| PROBLEM DESCRIPTION |
Among the entries below, find the lines with "Wool" and copy them.

::: TASK INPUTS

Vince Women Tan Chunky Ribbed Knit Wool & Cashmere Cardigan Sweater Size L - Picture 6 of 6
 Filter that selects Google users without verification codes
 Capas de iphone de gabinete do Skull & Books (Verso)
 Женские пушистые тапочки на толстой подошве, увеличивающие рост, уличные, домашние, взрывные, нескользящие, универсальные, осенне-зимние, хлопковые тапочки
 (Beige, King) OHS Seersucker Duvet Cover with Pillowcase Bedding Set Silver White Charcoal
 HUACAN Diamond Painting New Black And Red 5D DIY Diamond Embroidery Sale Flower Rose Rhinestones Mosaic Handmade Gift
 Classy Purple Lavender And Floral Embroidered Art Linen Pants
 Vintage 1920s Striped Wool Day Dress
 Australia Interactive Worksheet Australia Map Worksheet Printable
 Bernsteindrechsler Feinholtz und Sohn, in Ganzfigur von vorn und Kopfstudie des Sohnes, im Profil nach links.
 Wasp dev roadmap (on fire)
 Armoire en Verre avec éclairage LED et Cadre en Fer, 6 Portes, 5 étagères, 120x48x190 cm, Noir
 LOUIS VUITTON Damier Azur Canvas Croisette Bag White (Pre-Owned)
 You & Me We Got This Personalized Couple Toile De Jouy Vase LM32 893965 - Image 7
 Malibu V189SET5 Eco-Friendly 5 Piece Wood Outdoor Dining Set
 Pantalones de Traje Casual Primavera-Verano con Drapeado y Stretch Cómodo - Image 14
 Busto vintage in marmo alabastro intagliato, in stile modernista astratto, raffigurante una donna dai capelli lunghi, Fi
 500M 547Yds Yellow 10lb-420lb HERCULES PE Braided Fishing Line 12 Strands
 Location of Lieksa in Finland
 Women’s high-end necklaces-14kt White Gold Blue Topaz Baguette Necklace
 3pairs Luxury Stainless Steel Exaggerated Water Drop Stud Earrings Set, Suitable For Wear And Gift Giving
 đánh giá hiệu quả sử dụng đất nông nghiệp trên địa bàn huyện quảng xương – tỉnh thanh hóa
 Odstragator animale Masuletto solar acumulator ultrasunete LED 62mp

::::::

| ANSWER TO THIS PROBLEM |
Vince Women Tan Chunky Ribbed Knit Wool & Cashmere Cardigan Sweater Size L - Picture 6 of 6
 Vintage 1920s Striped Wool Day Dress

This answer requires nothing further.